Codianni repositions the phone, and I hear the plastic rustle of groceries bags being put down on the kitchen table. As a member of the age group most threatened by the coronavirus, I asked whether she’d considered the risk of continuing her work. 

“I’ve cut down a lot,” she responded. “I mean, I used to be out there every day, and now I go… maybe three times in the last three weeks,” she said with a sigh. “But they’re not just members, they’re friends now. They are, you know, our tribe.” I asked her whether she’d taken up any hobbies (baking bread? gardening?) during quarantine. “Um, conference calls,” she replied with a rasping laugh. “I’m still working closely with the Global Health Justice Partnership, planning strategies of what we’re going to do, what we can do.”

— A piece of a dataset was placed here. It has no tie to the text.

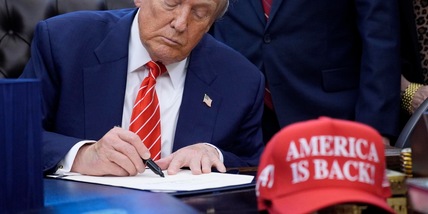 Trump, 'siamo pieni di munizioni, possiamo far guerra per sempre'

The peak of the infection curve for Connecticut is expected around mid-May. Despite the work of the city and non-profits, the majority of the homeless population and survival sex workers may weather that peak on street curbs, or gathered together around benches on the Green. But the members of SWAN haven’t resigned themselves to New Haven going the way of Boston. As the infection and death figures climb steadily, Codianni sits at home and reaches out to anyone who will listen—governors, philanthropists, and reporters.

“And you can’t shut me up, as you just found out.”

— Rachel Calcott is a sophomore in Branford College.